— Dataset excerpt —

· · ·

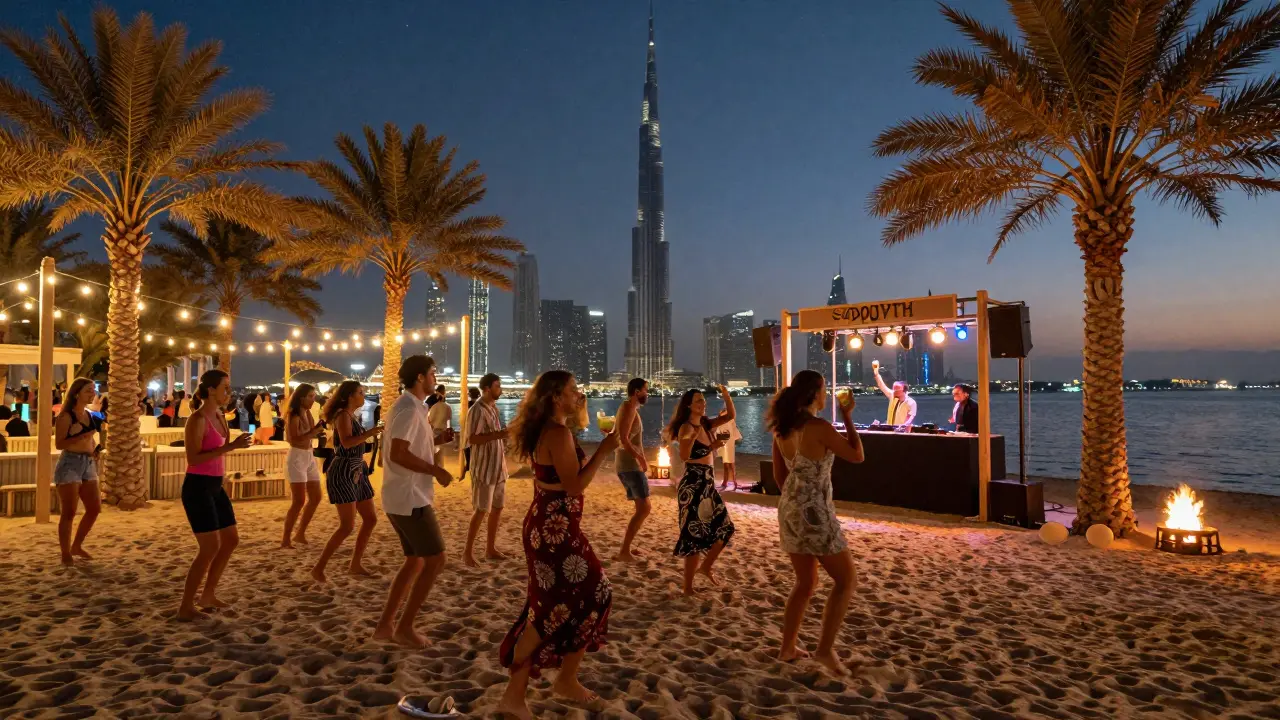 People dancing barefoot on a beach at night with bonfire and Burj Khalifa glowing in the background.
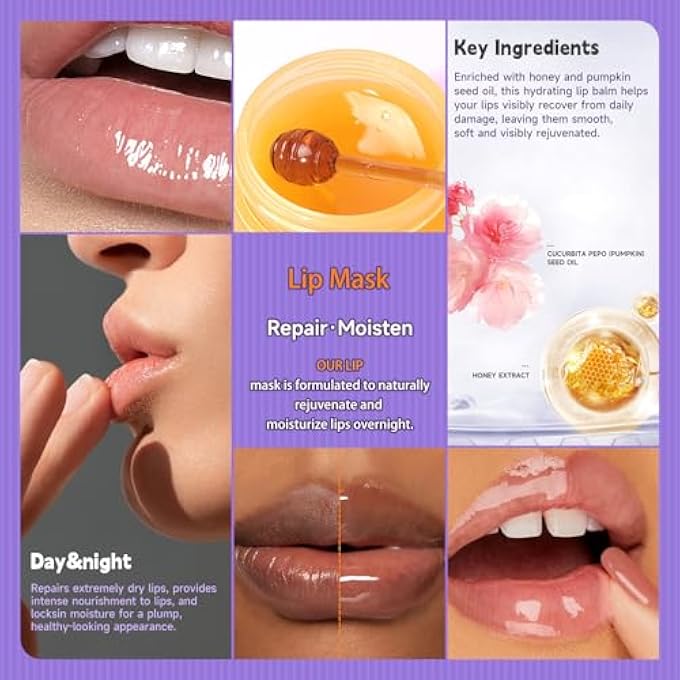 She Loves 2 BOTTLES SAKURA & HONEY LIP BALM, DAY & NIGHT REPAIR DEEP MOISTURE AND FADE LINES, RICH IN VITAMIN E & CHERRY BLOSSOM EXTRACT BEESWAX ESSENCE NATURAL ENHANCER CARE SLEEPING MASK - Image 4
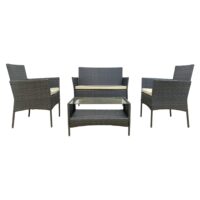 Salon de jardin  4 places en polyrotin gris avec coussins beige--Gris-Mobili Rebecca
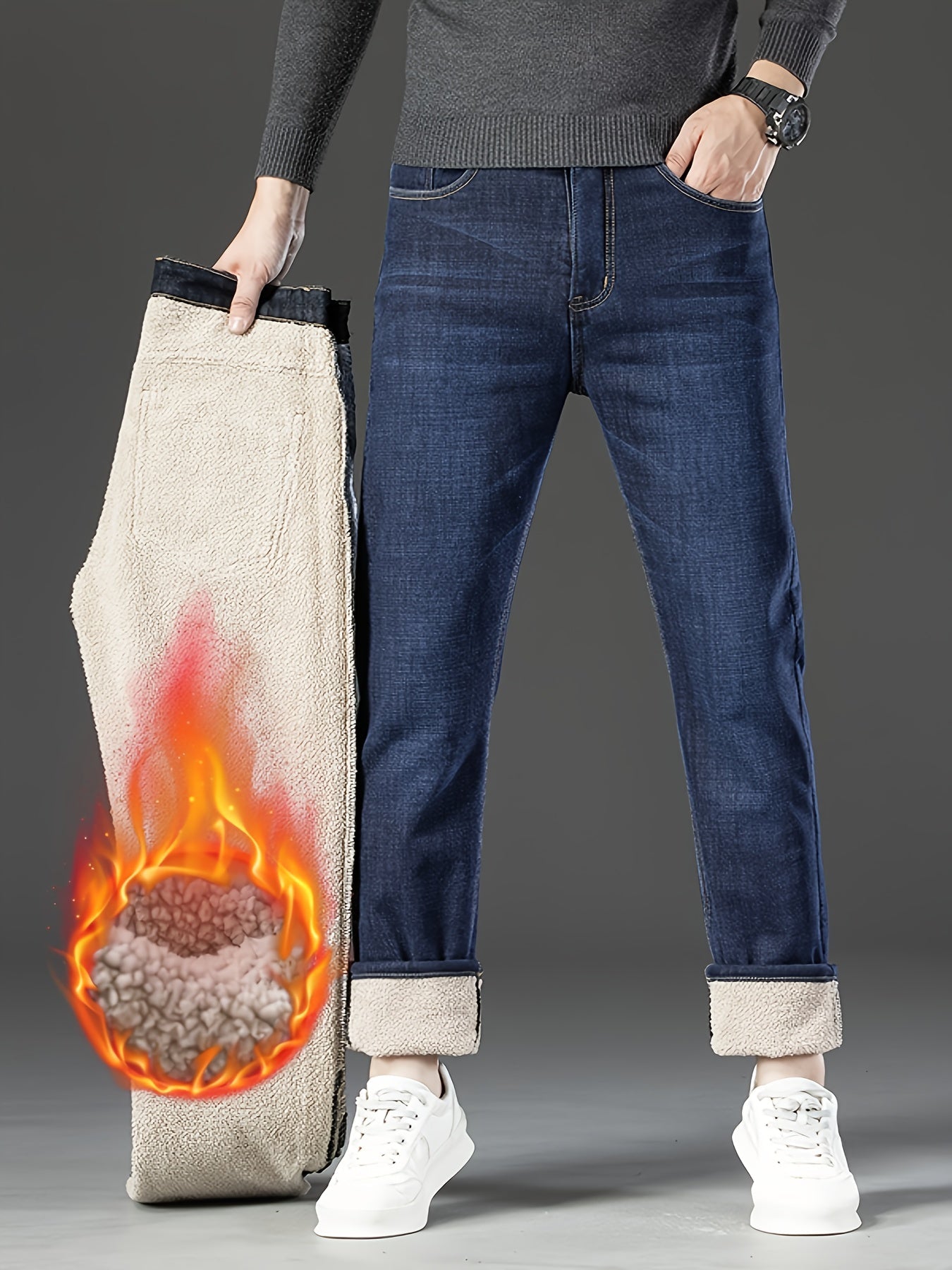Heren Winterjeans Fleecevoering Warm Grijs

· · ·

— Action item —
Output the whole listing again, exactly, without its pictures.

— Exercise solution —
 People dancing barefoot on a beach at night with bonfire and Burj Khalifa glowing in the background.
 She Loves 2 BOTTLES SAKURA & HONEY LIP BALM, DAY & NIGHT REPAIR DEEP MOISTURE AND FADE LINES, RICH IN VITAMIN E & CHERRY BLOSSOM EXTRACT BEESWAX ESSENCE NATURAL ENHANCER CARE SLEEPING MASK - Image 4
 Salon de jardin  4 places en polyrotin gris avec coussins beige--Gris-Mobili Rebecca
Heren Winterjeans Fleecevoering Warm Grijs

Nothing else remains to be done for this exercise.